J Mol Biol. 2007 Nov 2;373(4):1047-57. Epub 2007 Aug 29.
- PubMed ID
- 17881003 [ View in PubMed]
- Abstract
Mutations of conserved residues of human cardiac calsequestrin (hCSQ2), a high-capacity, low-affinity Ca2+-binding protein in the sarcoplasmic reticulum, have been associated with catecholamine-induced polymorphic ventricular tachycardia (CPVT). In order to understand the molecular mechanism and pathophysiological link between these CPVT-related missense mutations of hCSQ2 and the resulting arrhythmias, we generated three CPVT-causing mutants of hCSQ2 (R33Q, L167H, and D307H) and two non-pathological mutants (T66A and V76M) and investigated the effect of these mutations. In addition, we determined the crystal structure of the corresponding wild-type hCSQ2 to gain insight into the structural effects of those mutations.
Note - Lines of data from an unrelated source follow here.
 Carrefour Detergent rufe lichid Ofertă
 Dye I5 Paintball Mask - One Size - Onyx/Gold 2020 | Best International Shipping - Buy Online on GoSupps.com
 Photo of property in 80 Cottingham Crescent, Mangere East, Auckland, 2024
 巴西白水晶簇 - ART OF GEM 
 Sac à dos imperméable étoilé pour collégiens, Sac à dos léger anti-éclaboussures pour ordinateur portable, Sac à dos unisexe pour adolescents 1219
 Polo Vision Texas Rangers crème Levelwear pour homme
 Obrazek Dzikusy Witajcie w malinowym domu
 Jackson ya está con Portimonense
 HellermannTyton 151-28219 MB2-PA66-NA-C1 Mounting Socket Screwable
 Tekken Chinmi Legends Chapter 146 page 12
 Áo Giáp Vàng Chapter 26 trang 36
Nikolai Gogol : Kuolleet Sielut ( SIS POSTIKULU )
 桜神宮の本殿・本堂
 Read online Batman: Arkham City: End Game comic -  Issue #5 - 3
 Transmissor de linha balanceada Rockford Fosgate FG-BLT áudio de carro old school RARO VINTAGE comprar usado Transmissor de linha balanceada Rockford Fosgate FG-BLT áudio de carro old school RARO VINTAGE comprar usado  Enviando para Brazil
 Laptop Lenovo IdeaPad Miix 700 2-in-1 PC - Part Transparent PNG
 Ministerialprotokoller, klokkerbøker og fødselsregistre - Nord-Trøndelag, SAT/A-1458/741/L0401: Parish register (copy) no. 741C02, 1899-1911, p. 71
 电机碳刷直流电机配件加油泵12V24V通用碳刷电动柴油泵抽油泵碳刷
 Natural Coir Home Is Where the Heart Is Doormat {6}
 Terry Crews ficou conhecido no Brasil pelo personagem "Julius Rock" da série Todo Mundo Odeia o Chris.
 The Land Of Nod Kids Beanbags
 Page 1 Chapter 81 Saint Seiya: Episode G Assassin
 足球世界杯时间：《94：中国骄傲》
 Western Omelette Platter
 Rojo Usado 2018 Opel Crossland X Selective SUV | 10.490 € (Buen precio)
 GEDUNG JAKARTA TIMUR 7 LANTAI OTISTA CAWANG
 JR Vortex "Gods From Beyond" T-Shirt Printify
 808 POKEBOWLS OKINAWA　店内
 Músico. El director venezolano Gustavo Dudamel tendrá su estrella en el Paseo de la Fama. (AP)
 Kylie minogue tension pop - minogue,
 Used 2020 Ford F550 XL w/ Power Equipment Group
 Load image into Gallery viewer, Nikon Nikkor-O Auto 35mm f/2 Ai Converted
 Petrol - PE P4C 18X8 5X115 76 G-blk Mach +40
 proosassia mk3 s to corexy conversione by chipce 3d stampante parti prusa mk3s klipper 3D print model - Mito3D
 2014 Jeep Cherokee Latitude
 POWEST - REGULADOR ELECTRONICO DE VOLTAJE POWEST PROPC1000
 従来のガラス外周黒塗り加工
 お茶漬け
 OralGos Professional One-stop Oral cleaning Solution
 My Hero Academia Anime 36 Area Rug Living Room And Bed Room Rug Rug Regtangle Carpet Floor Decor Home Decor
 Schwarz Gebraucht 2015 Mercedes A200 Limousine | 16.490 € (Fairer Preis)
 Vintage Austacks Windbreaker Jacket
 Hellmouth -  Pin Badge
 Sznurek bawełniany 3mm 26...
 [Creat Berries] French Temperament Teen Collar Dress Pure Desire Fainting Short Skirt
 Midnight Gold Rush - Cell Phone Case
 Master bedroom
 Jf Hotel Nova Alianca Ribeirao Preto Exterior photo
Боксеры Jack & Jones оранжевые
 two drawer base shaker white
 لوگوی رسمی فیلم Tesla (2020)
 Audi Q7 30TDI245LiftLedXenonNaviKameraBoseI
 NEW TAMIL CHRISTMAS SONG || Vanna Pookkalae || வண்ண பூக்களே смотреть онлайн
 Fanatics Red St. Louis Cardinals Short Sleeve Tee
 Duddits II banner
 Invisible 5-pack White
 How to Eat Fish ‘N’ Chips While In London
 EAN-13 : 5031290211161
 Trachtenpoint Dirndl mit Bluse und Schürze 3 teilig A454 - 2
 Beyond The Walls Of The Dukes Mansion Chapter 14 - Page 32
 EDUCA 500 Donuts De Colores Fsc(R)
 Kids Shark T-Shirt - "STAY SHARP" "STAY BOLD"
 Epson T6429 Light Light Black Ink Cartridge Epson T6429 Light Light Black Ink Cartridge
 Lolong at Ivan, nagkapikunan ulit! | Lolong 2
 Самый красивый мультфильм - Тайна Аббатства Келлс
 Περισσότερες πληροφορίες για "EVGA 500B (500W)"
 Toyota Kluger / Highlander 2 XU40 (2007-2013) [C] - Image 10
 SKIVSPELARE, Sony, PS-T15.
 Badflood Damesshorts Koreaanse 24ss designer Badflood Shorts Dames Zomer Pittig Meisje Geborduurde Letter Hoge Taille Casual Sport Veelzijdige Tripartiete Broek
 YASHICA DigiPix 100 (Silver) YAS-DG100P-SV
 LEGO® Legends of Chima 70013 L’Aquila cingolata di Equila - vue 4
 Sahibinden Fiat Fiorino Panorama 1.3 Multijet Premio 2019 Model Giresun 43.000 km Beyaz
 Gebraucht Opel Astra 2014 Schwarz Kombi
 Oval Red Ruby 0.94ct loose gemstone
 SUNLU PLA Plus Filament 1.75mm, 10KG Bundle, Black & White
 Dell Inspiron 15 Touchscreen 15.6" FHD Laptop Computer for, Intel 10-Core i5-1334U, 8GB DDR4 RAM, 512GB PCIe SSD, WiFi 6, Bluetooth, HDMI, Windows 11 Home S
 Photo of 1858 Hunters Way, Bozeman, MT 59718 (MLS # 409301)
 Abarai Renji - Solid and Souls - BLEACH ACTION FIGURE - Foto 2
Our data show clearly that all three CPVT-related mutations lead to significant reduction in Ca2+-binding capacity in spite of the similarity of their secondary structures to that of the wild-type hCSQ2. Light-scattering experiments indicate that the Ca2+-dependent monomer-polymer transitions of the mutants are quite different, confirming that the linear polymerization behavior of CSQ is linked directly to its high-capacity Ca2+ binding. R33Q and D307H mutations result in a monomer that appears to be unable to form a properly oriented dimer. On the other hand, the L167H mutant has a disrupted hydrophobic core in domain II, resulting in high molecular aggregates, which cannot respond to Ca2+. Although one of the non-pathological mutants, T66A, shares characteristics with the wild-type, the other null mutant, V76M, shows significantly altered Ca2+-binding and polymerization behaviors, calling for careful reconsideration of its status.